Juv Stonechat, an engaging gem on the Wicklow coast (Juvenile Stonechat (Mairéad Ní Chuirc)

It was a decent lunchtime: haunting, evocative calls of returning Curlew, from northern Europe, reminding us that the clock's really ticking, for breeding Curlew and the advance of Autumn. One of my favourite juvenile birds is the Stonechat: their engaging stone clacking call and often animated behaviour grabbing the attention: tail flicking and rising to he highest frond of bracken or briar. A real gem of the Wicklow coastline, they are now breeding well after the hard winters  of 6 or 7 winters ago, which set the population back. 

Saturday, 4 June 2016

Perennial favourites

What a blast of great weather: dry, warm and sunny for over a week now, just as all the common birds around the garden are feeding young. Great too for the pollinators, the bees and butterflies are out and about in numbers, not to mention garden enthusiasts.

Hardy Geranium and browsing bumble bee (c.OOS)
The best performing plants for us right now, are the perennial or hardy geraniums and of course, Aquilegeas or Columbine, also known as granny's bonnets.  They self seed around and give a show of lovely sharp, navy blue and purple flowers around the flower beds, rising up to attract bees in numbers.

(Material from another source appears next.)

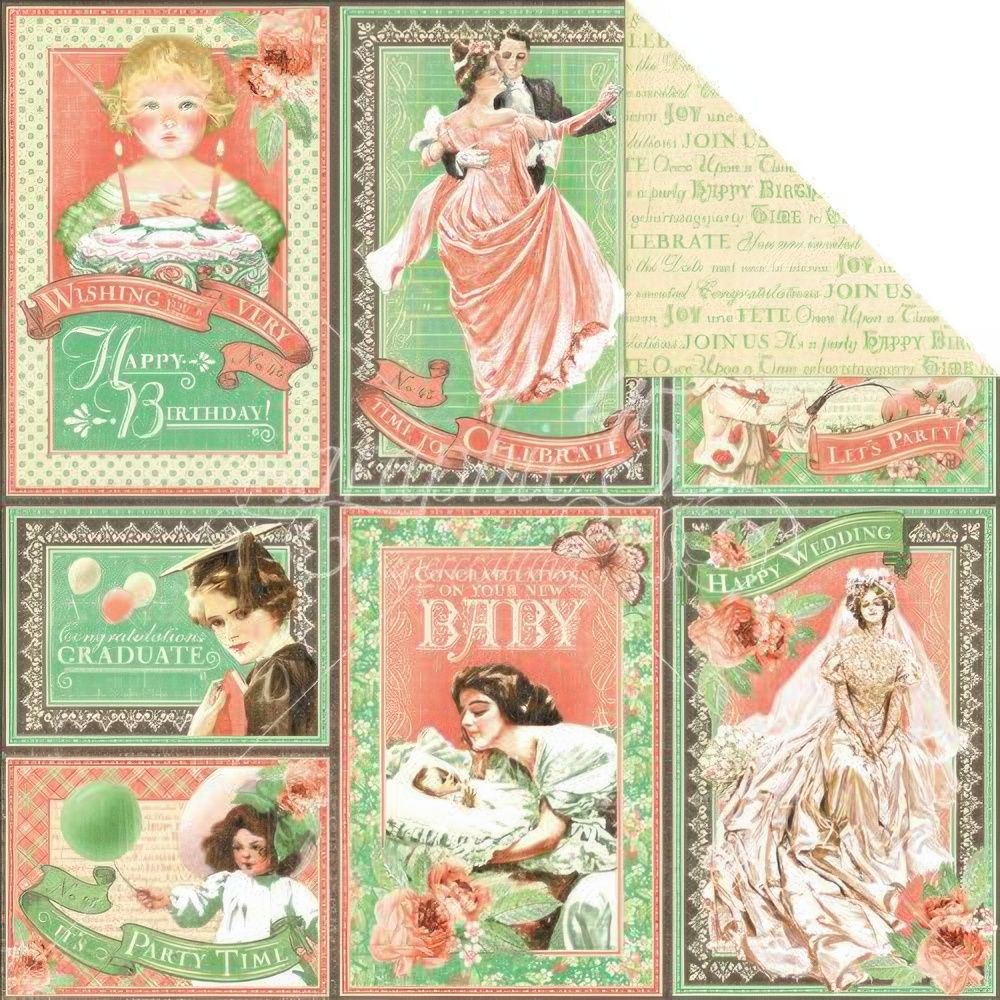 Graphic 45 - Time to Celebrate - 12"x12" D/S Paper - Congratulations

Aquilegeas in full flower (c.OOS)

These are all timely, for the weekend that is in it, Bloom in the Park: I always associate enormous Aliums and Aquilegeas with the show, and folk walking by with their prize purchases, though maybe this year more walk by with ice cream cones and a fizzy drink!  

Interesting how the name Aquilegea is rooted in the latin for Eagle or Aquila, which is probably a reference to the curled up tips to the petals resembling an eagles wing tips.. Columbine is  a reference to doves, the arrangement of petals recalling a circle of doves.  Bees love to climb right in to the blooms splashing lemon colured pollen on their backs in return for a nectar drink.